Santa Brigida refers to the Roman Catholic church and former Ursuline convent located on Piazza Mazzini in the town of Calvi dell'Umbria, province of Terni, region of Umbria, Italy. The convent now functions as the Museo del Monastero delle Suore Orsoline displaying religious works and exhibits about the former life of the Ursuline nuns in the convent.

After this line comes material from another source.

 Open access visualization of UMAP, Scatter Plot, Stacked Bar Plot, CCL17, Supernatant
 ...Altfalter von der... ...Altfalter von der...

The baroque-style church standing alongside was built during 1739-1743 using a design by the then papal architect Ferdinando Fuga. The project aimed to enlarge the church of the convent. The site previously contained a medieval church of San Paolo and an Oratory of San Antonio. The two former structures, still evident in the stone around the portals and housing walled up oculi, were hidden behind the tall bipartite facade with giant order pilasters and an unusual tympanum. The tympanum recalls the church of the Babino Gesu all'Esquilino in Rome (now belonging to The Oblate Sisters of the Holy Child Jesus). The Roman church was completed in 1713 with a contribution also by Fuga.

The interior has three altars and in the apse, there are wooden choir stalls. The second story has a number of Wooden screens behind which could sit the cloistered nuns. The church contains altarpieces depicting the Virgin and Child between Saints Brigida and Ursula by Francesco Appiani and a canvas depicting Pentecost circa 1520) by Jacovetti da Calvi. The latter painting was moved here from the church of San Francesco.

The nuns inhabited the monastery until 1994. Some of the original furniture, the kitchens and other portions of the monastery are now open to guided visits.